§ **MATERIAL SHOWN**:
__________

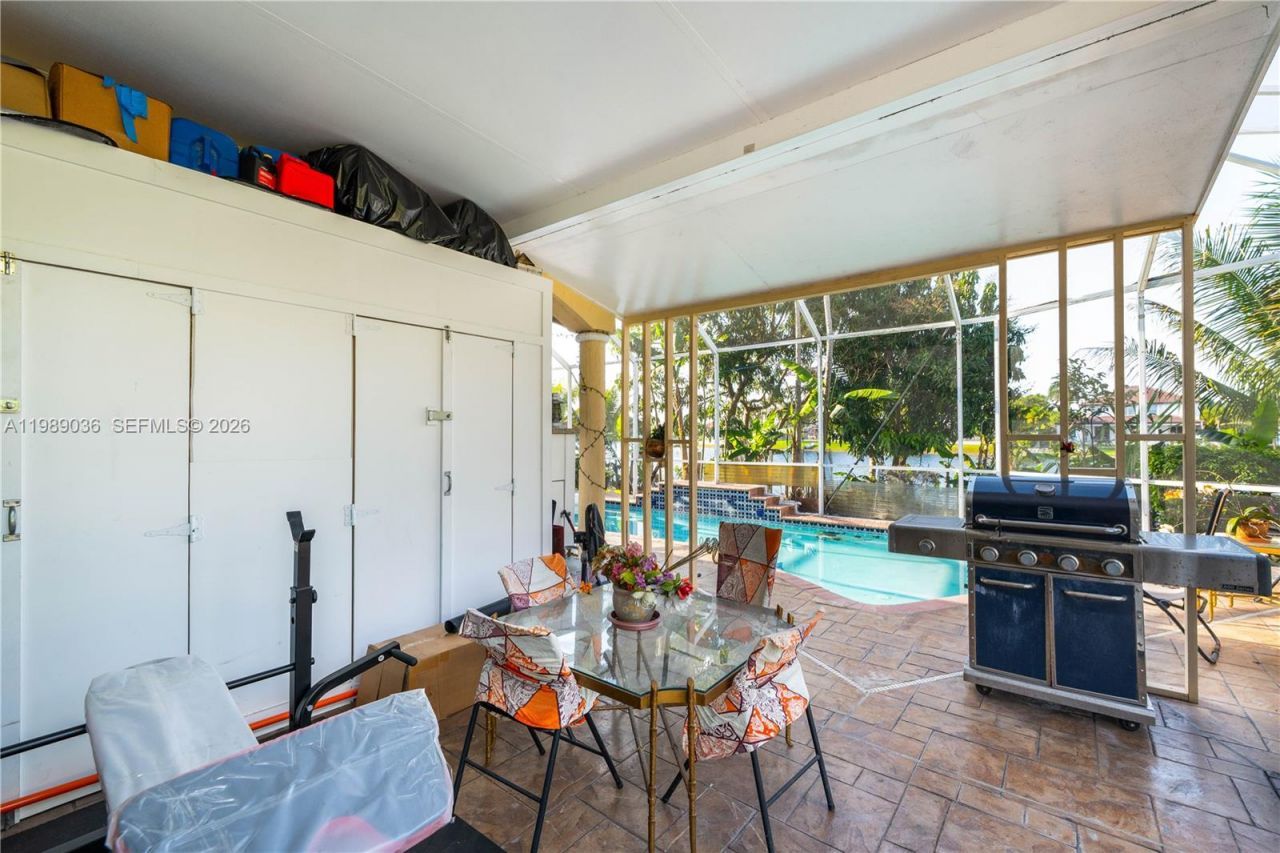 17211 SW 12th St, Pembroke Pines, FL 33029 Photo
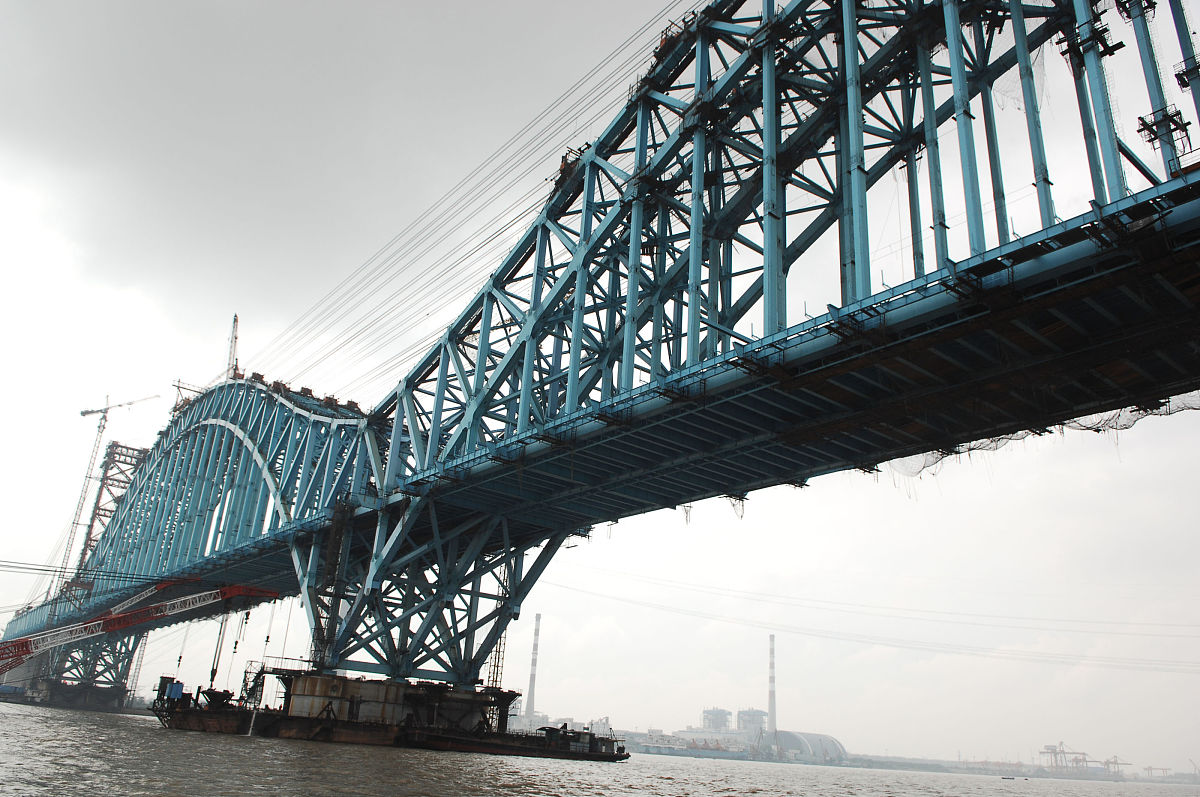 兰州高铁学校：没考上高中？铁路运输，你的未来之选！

__________

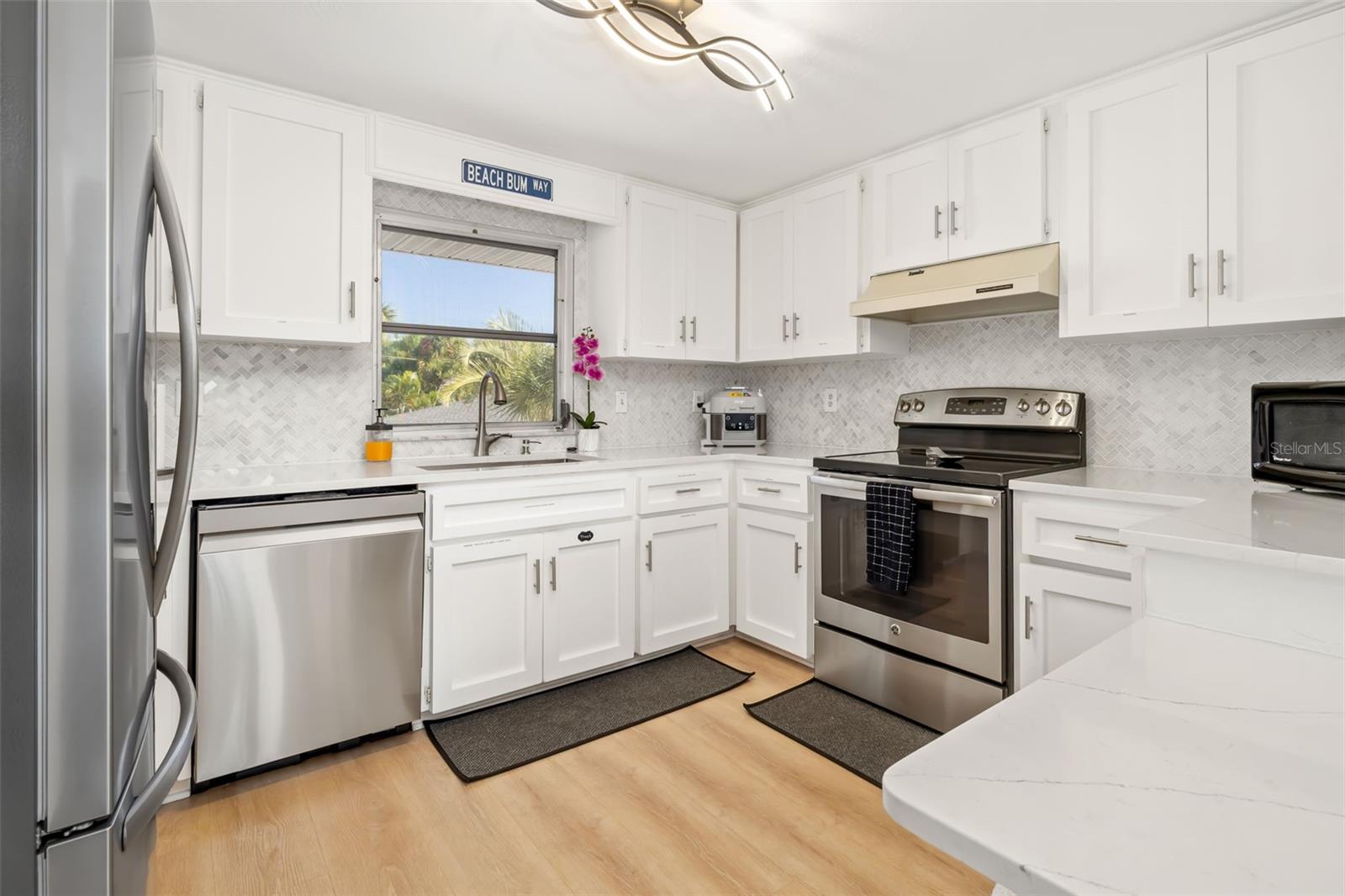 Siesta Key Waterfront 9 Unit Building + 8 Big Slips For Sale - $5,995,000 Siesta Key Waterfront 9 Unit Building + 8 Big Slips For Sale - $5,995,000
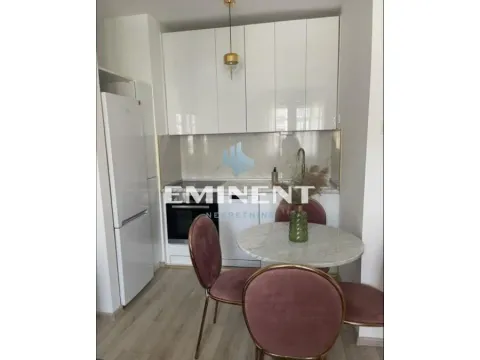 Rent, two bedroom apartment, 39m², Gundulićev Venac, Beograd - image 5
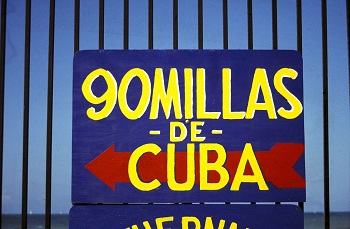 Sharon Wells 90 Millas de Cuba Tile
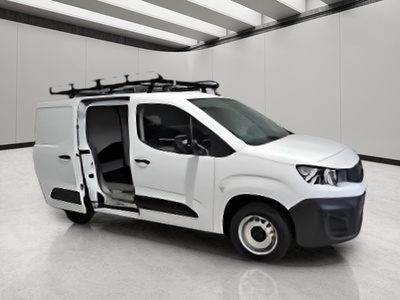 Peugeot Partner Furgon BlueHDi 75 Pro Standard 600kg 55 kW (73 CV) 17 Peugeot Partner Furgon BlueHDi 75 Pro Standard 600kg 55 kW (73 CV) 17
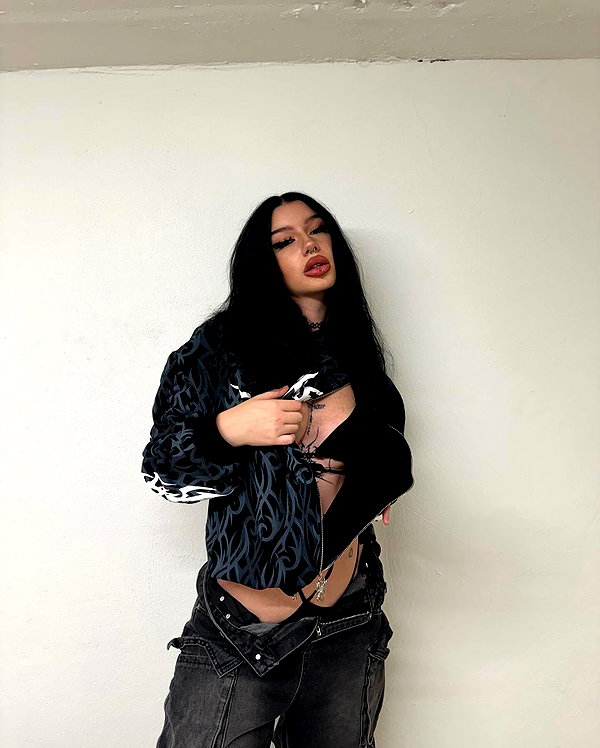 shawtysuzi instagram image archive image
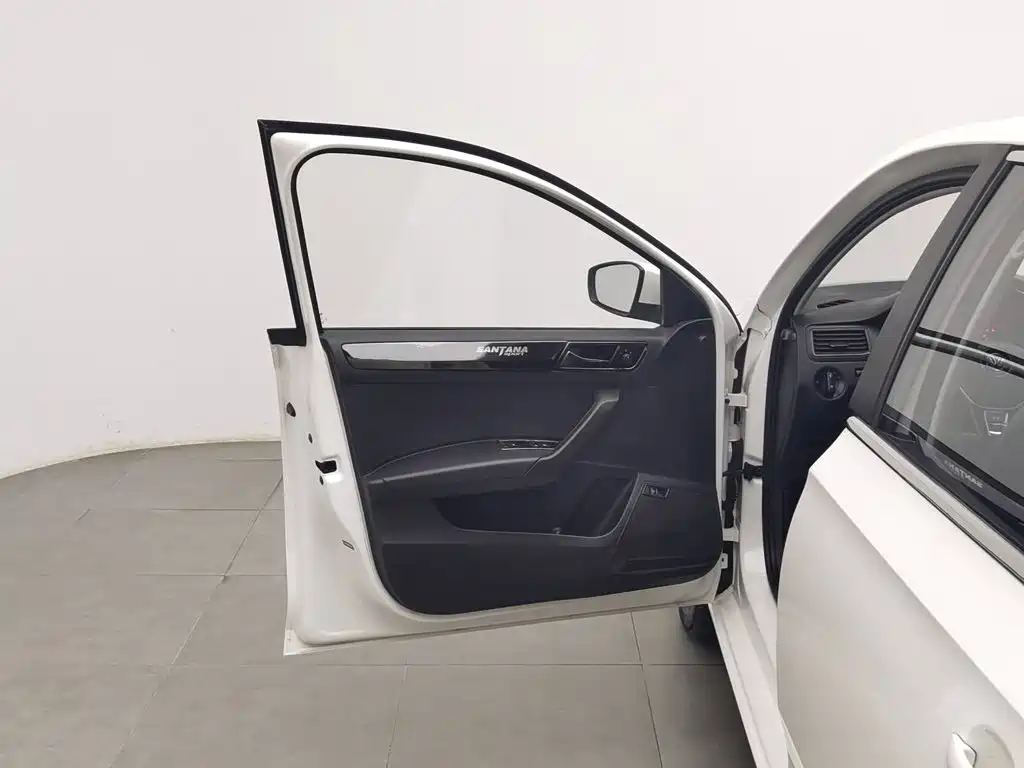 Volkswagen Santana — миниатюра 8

__________

§ **WHAT THIS TASK INVOLVES**:
Your answer is the exact run of lines above from the one with "Sharon Wells 90 Millas de Cuba Tile" through the one with "Volkswagen Santana — миниатюра 8", both ends included, minus any picture.

§ **RESULT OF THE TASK**:
 Sharon Wells 90 Millas de Cuba Tile
 Peugeot Partner Furgon BlueHDi 75 Pro Standard 600kg 55 kW (73 CV) 17 Peugeot Partner Furgon BlueHDi 75 Pro Standard 600kg 55 kW (73 CV) 17
 shawtysuzi instagram image archive image
 Volkswagen Santana — миниатюра 8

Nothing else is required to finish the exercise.